Una joven de cabello castaño caminaba yendo y viniendo por los pasillos de uno de los mejores hoteles. Se notaba realmente molesta; llevaba puesto un vestido negro ajustado con demasiado escote y unos tacones rojos de punta fina.
—¡¿Podrías tomar asiento de una buena vez?! —Se quejó su hermana menor, la cual la estaba acompañando, la castaña paro en seco y le dirigió una feroz mirada.
—Ni se te ocurra darme ordenes, Beta sucia —Le recriminó con enojo. Pues no era nada del otro mundo que ella tratase a las personas de aquella manera, inclusive a su hermana.
—¡Ya deja de llamarme así! —Exclamó haciendo un puchero la beta de cabello rubio y mechas celestes.

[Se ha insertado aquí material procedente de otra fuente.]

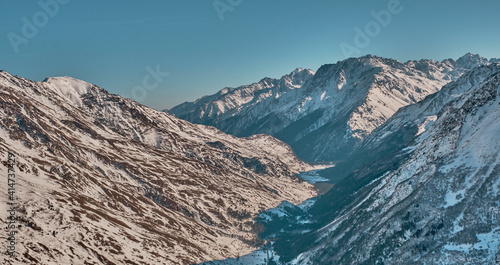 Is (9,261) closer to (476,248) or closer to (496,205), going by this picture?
(476,248)

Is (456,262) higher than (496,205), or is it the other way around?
(496,205)

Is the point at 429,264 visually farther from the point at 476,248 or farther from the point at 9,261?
the point at 9,261

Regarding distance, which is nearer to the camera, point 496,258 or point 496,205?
point 496,258

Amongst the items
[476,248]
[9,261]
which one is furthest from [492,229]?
[9,261]

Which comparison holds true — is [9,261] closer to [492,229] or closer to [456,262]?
[456,262]

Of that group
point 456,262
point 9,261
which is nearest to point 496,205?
point 456,262

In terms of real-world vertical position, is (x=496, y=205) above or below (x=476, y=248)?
above

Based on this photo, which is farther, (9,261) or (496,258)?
(9,261) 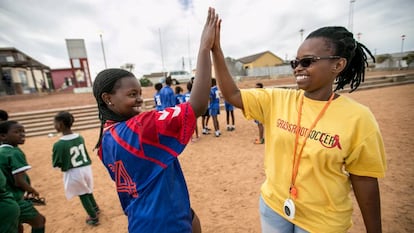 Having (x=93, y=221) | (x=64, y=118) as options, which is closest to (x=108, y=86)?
(x=64, y=118)

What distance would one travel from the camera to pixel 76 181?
3.10m

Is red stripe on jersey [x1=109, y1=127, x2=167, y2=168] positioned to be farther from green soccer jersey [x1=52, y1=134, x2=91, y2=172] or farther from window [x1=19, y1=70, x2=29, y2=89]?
window [x1=19, y1=70, x2=29, y2=89]

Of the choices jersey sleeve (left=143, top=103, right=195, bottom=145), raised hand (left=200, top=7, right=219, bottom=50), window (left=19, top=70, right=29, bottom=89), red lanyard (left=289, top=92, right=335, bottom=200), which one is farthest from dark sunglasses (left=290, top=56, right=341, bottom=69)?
window (left=19, top=70, right=29, bottom=89)

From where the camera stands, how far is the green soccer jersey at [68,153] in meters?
2.95

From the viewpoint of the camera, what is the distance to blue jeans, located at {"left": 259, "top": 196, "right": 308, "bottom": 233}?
56.7 inches

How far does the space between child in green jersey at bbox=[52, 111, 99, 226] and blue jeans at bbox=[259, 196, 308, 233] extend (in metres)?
2.87

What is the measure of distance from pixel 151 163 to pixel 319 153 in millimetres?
1010

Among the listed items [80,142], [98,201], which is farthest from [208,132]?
[80,142]

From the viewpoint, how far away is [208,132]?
810cm

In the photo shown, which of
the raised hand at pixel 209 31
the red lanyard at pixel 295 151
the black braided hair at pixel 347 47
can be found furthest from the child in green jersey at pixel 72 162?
the black braided hair at pixel 347 47

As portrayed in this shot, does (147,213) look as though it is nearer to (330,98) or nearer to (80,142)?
(330,98)

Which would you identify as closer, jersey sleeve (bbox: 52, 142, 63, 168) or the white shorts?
jersey sleeve (bbox: 52, 142, 63, 168)

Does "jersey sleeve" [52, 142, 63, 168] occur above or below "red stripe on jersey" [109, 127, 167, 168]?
below

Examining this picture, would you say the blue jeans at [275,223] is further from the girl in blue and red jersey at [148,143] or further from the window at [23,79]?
the window at [23,79]
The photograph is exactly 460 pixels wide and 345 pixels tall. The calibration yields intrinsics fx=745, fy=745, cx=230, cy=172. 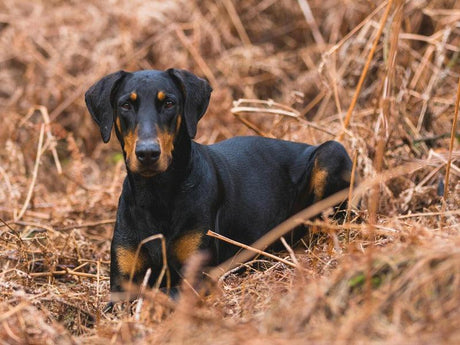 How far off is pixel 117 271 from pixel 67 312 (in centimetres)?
45

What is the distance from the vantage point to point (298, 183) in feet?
18.6

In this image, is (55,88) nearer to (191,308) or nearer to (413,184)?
(413,184)

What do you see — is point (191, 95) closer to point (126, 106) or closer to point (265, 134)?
point (126, 106)

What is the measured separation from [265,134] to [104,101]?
231 centimetres

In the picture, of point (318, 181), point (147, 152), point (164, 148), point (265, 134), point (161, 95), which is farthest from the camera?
point (265, 134)

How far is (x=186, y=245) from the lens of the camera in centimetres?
435

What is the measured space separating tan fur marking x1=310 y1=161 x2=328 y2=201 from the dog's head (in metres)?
1.36

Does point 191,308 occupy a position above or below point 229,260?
above

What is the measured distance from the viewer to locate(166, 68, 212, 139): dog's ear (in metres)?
4.36

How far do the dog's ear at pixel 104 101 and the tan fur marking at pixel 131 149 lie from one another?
0.64ft

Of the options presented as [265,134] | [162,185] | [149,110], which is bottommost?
[265,134]

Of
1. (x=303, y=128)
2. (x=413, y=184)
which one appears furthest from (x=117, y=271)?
(x=303, y=128)

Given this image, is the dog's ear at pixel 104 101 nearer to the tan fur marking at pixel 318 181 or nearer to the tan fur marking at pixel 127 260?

—No te llamaría así si no vinieses a ver a mi novio —Le dijo de forma desafiante, la rubia la miró indignada. Jamás en su vida podría ver a su cuñado como "algo más" odiaba que su hermana pensara eso.
—¿Perdón? Sabes perfectamente que papá me mandó a vigilarte, así no cometes otra estupidez o aún peor hagas un teatro por un simple capricho —.
—Ay, tranquilamente puedes decirles que estoy bien y ya —La castaña rodó los ojos como si nada le importara, sus padres no la dejaban sola ni un minuto, pues claro tenía sus justificativos para eso.
—¡Por el amor de Dios Jimin! —Gritó, odiaba que Jimin se comportara de esa manera con respecto al tema de sus padres. Era verdad que eran demasiado controladores, con ella no tanto pero con Jimin... Se pasaban. Su hermana mayor podría hacerse pasar por una joven muchísimo menor a ella.
Cuando ella se enojaba siempre terminaba con pucheros y pequeños lloriqueos, obviamente falsos. O sí no obtenía lo que quería, eso era aún peor, se volvía loca y destrozaba todo, completamente infantil. De pequeña se le dio absolutamente todo y por consecuencia de ello no acepta un NO.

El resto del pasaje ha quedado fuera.